Consider — reduces inode pressure

Cloud object store (S3/GCS), small chunk_shape

Yes — significantly reduces request cost

Neuroglancer serving from S3

Yes — reduces GET request cost

Read-heavy workflows with many parallel readers

Yes — shard index enables range requests

Write-heavy workflows with many parallel writers

No — shard contention hurts write throughput

Configuration

Sharding is configured via the codec_config argument to write functions, or by passing a pre-configured Zarr array spec. A minimal sharding configuration for a 3-D ZVF store:

from zarr_vectors.types.points import write_points

write_points(
    "scan.zarrvectors",
    positions,
    chunk_shape=(100.0, 100.0, 100.0),   # ZVF logical chunk — the inner chunk
    bin_shape=(25.0, 25.0, 25.0),
    shard_shape=(4, 4, 4),               # 4×4×4 = 64 inner chunks per shard
)

This produces one shard file per (4, 4, 4) block of the ZVF chunk grid. Each shard contains up to 64 ZVF chunks. The total number of shard files is ceil(grid_shape[d] / 4) for d in [0,1,2] — a factor of 64 fewer files than without sharding.

Codec pipeline with sharding

When shard_shape is specified, the zarr.json for each array uses the sharding_indexed codec as the outermost byte-to-byte codec:

{
  "codecs": [
    {
      "name": "sharding_indexed",
      "configuration": {
        "chunk_shape": [1, 1, 1, 65536, 3],
        "codecs": [
          {"name": "bytes",  "configuration": {"endian": "little"}},
          {"name": "blosc",  "configuration": {"cname": "zstd", "clevel": 5}}
        ],
        "index_codecs": [
          {"name": "bytes",  "configuration": {"endian": "little"}},
          {"name": "crc32c"}
        ],
        "index_location": "end"
      }
    }
  ]
}

The chunk_shape inside the sharding configuration is the inner chunk shape (one ZVF spatial chunk). The shard shape is inferred from the outer array chunk grid.

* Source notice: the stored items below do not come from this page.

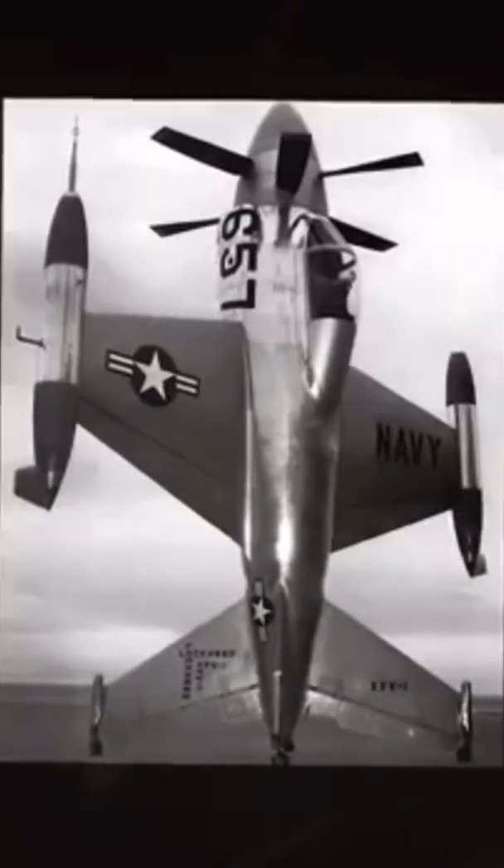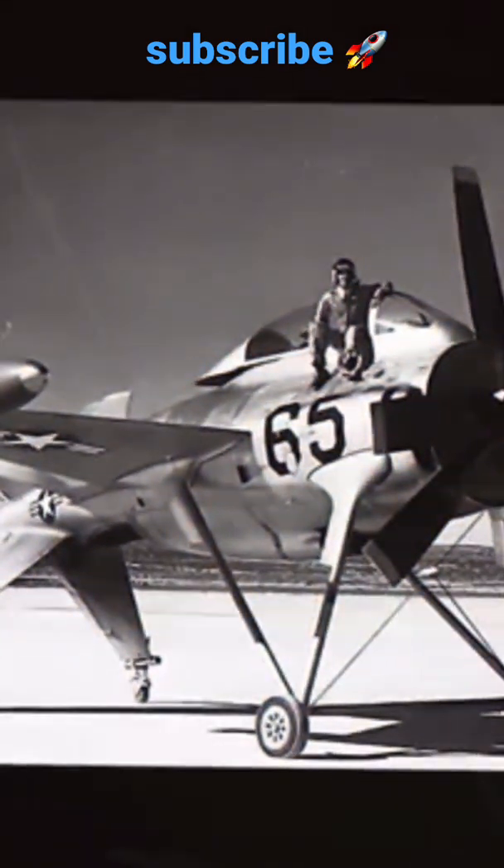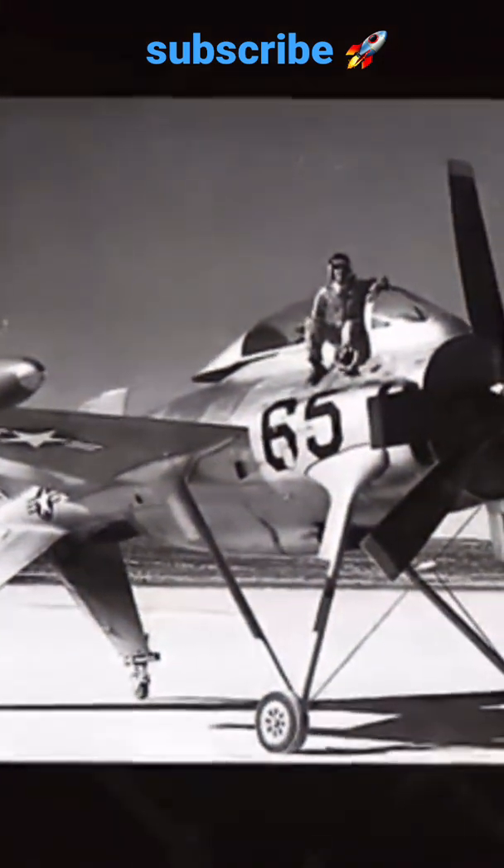To begin flight testing, a temporary non-retractable undercarriage with long braced V-legs was attached to the fuselage and fixed tail wings attached to the lower pair of fins. In this form, the aircraft was trucked to Edwards AFB in November 1953 for ground testing and taxiing trials.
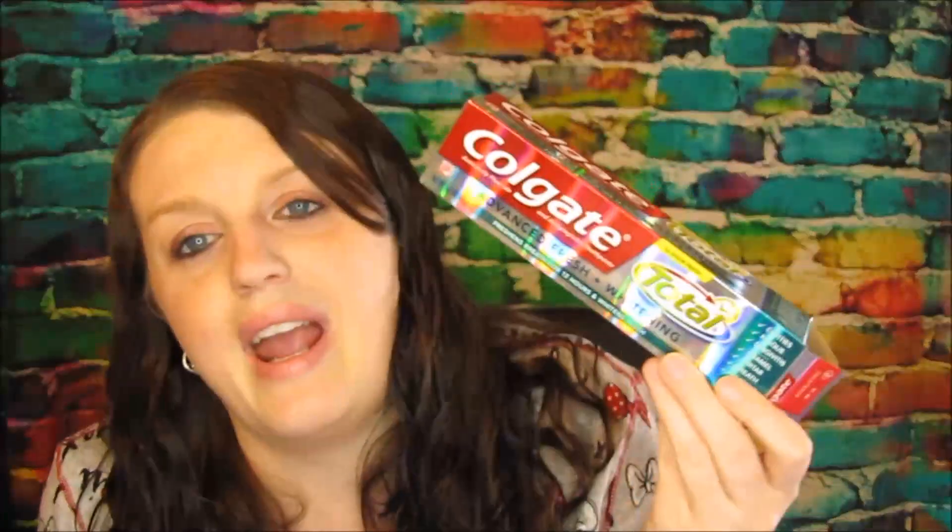This is a toothpaste we are using. We have some that's expiring soon from back when I started couponing and built up a stockpile. This is the Colgate Advanced Fresh Whitening — it's okay. It's not one of my favorite toothpastes but I like Colgate so I'm not complaining.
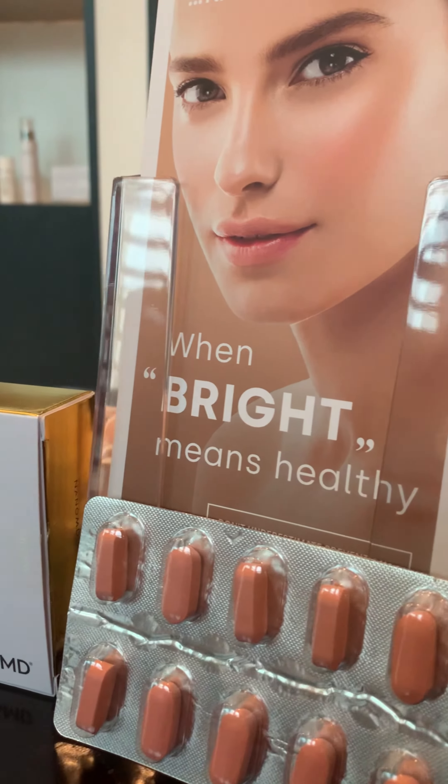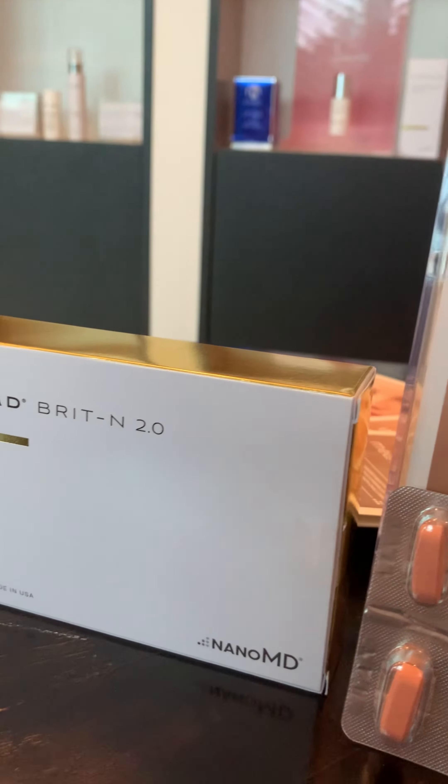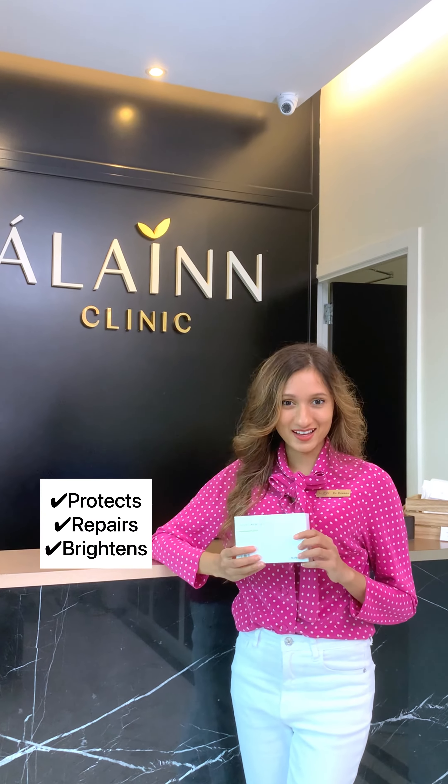Pycnogenol supports the function of blood vessels and maintains collagen level for skin hydration and elasticity. NanoMD protects, repairs, and brightens skin from the inside out. It promotes healthy, glowing skin — not just on your face, but all over your entire body.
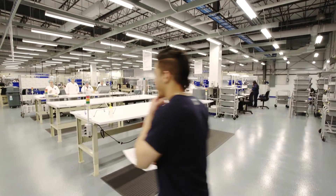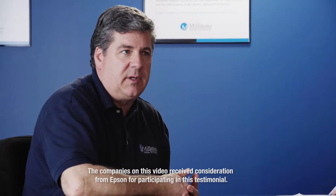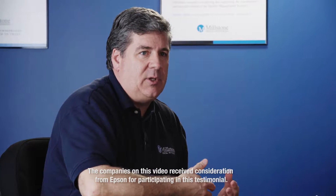We had been providing label ribbon enterprise printing solutions to Millstone. Then one of our largest clients came to us with a very specific design, image, and quality of the product that they wanted on their labels.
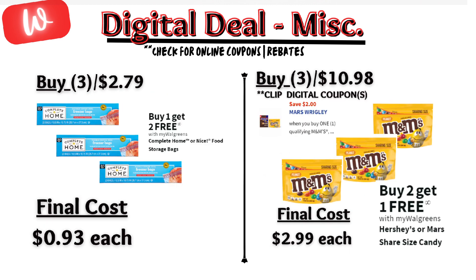Up next are the Complete Home bags — on sale, buy one, get two free, making the final cost $0.93 each. And then finally, the Hershey's share bags — on sale, buy two, get one free. There is a $2 off digital coupon applying. The final cost is $2.99 each bag.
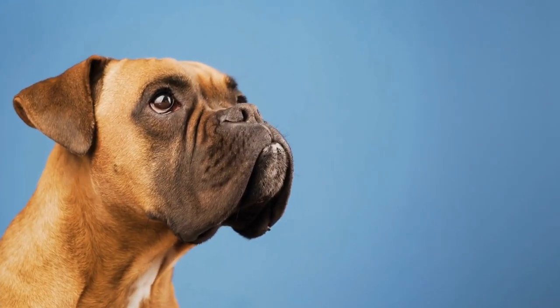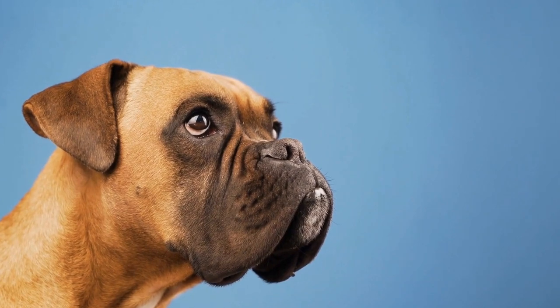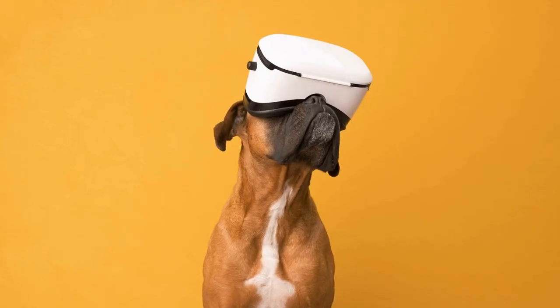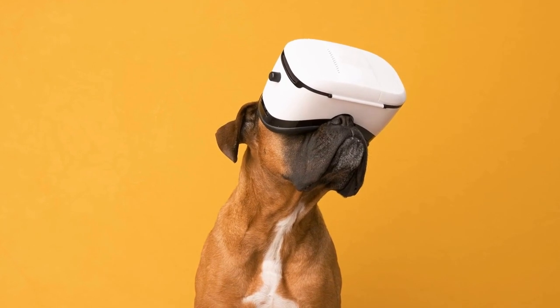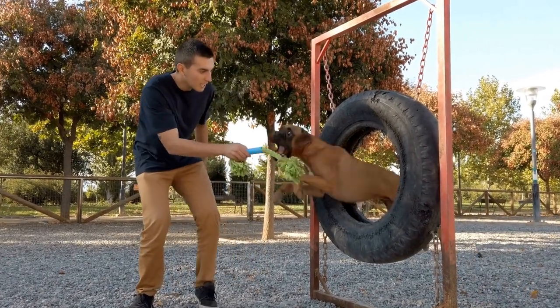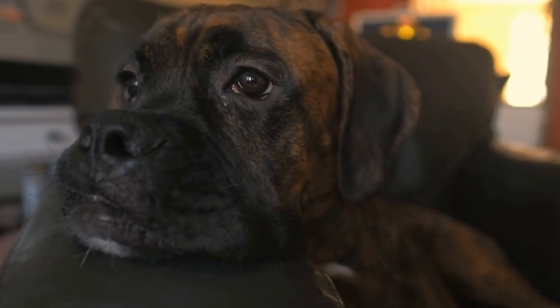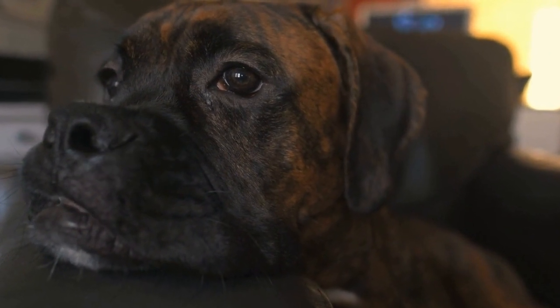Additionally, proper desensitization can play a significant role in the boxer's response to nail trims. Start by touching and gently massaging their paws regularly, even when you are not trimming their nails. This helps them become accustomed to the sensation and reduces sensitivity. Gradually progress to handling their paws more extensively, including gently squeezing their toes to simulate the trimmer's pressure.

Relationship between shard shape and ZVF chunk shape

The ZVF chunk_shape (physical units) maps to the inner chunk of the sharding codec. The shard shape (outer chunk) is expressed in inner-chunk units (integers), not in physical units:

ZVF chunk_shape = (100, 100, 100) µm
shard_shape     = (4, 4, 4) inner chunks
→ each shard covers (400, 400, 400) µm of physical space

Readers that understand the shard index can fetch a single ZVF chunk with one HTTP range request; readers that do not understand sharding must fetch the entire shard file. zarr-vectors-py always uses shard-indexed reads when the sharding codec is present.

Read behaviour with sharding

When reading a single ZVF chunk from a sharded store:

  1. Identify the shard containing the requested inner chunk.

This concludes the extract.